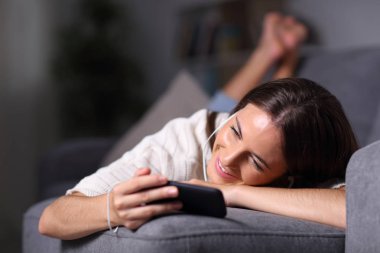 Mutlu kız akıllı telefondan video izleyip dinliyor.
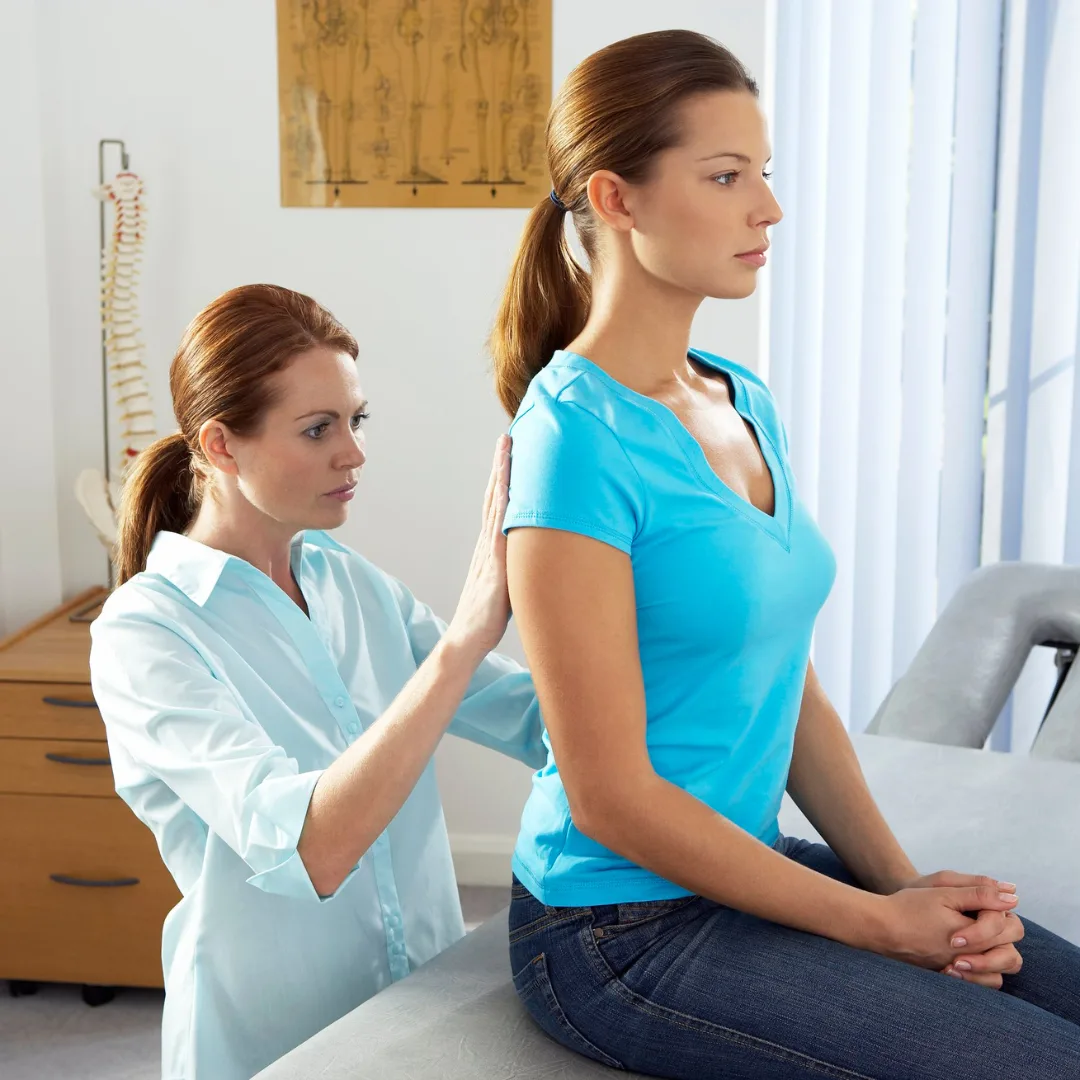 doctor checking a womans back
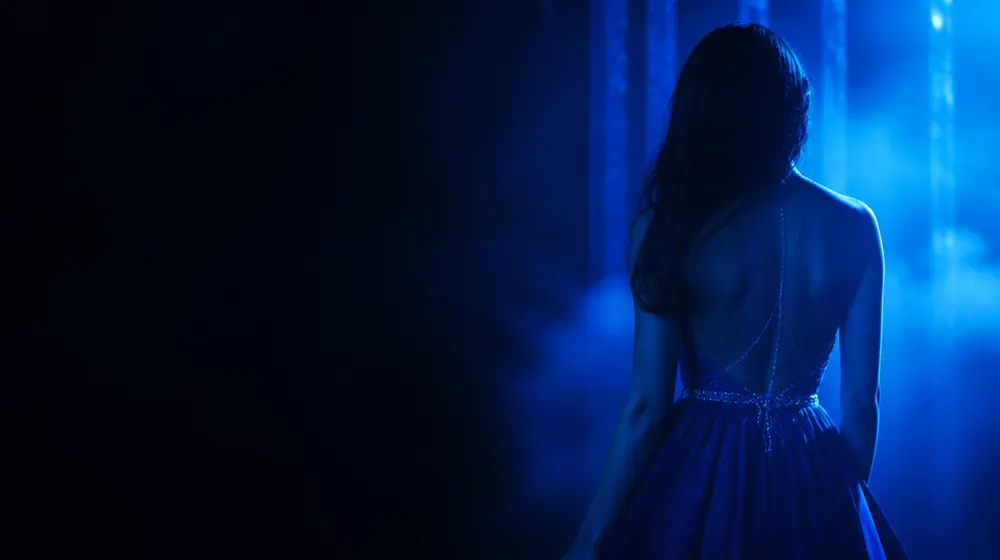 Belly OnlyFans creators — woman in a fitted evening dress in neon rim light, a jeweled belly chain catching the light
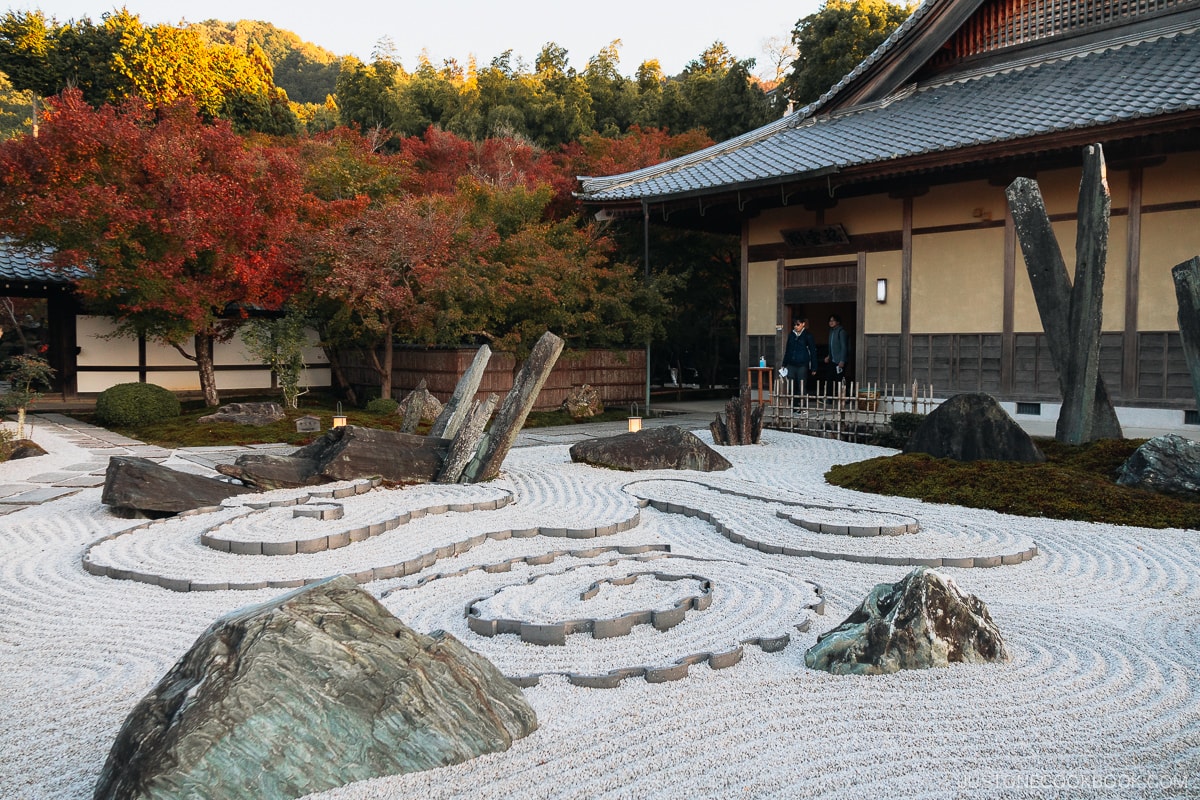 Stone and sand garden that looks like a dragon emerging from the clouds.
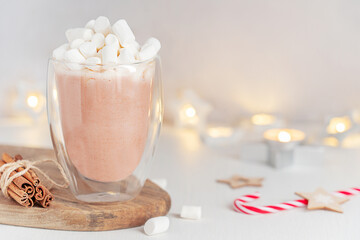 Sweet homemade hot chocolate or cocoa drink with marshmallow topping served in transparent glass cup or mug on wooden board with cinnamon sticks on white table with candy cane and blurred lights
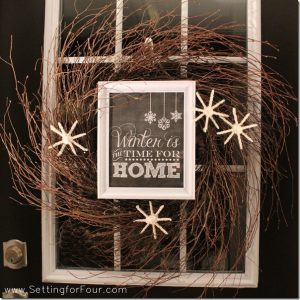 Learn How to MAKE a beautiful DIY Winter Wreath! See this easy winter wreath tutorial and the supply list. This rustic twiggy wreath features a framed winter printable and DIY fluffy white yarn snowflakes to add a cozy touch to your front door!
○ ○ ○ ○ ○ ○ ○
◆ Your instructions: Copy word for word every line from the one holding "doctor checking a womans back" to the end of the listing, both ends included, but do not copy any pictures.

◆ Answer space:
 doctor checking a womans back
 Belly OnlyFans creators — woman in a fitted evening dress in neon rim light, a jeweled belly chain catching the light
 Stone and sand garden that looks like a dragon emerging from the clouds.
 Sweet homemade hot chocolate or cocoa drink with marshmallow topping served in transparent glass cup or mug on wooden board with cinnamon sticks on white table with candy cane and blurred lights
 Learn How to MAKE a beautiful DIY Winter Wreath! See this easy winter wreath tutorial and the supply list. This rustic twiggy wreath features a framed winter printable and DIY fluffy white yarn snowflakes to add a cozy touch to your front door!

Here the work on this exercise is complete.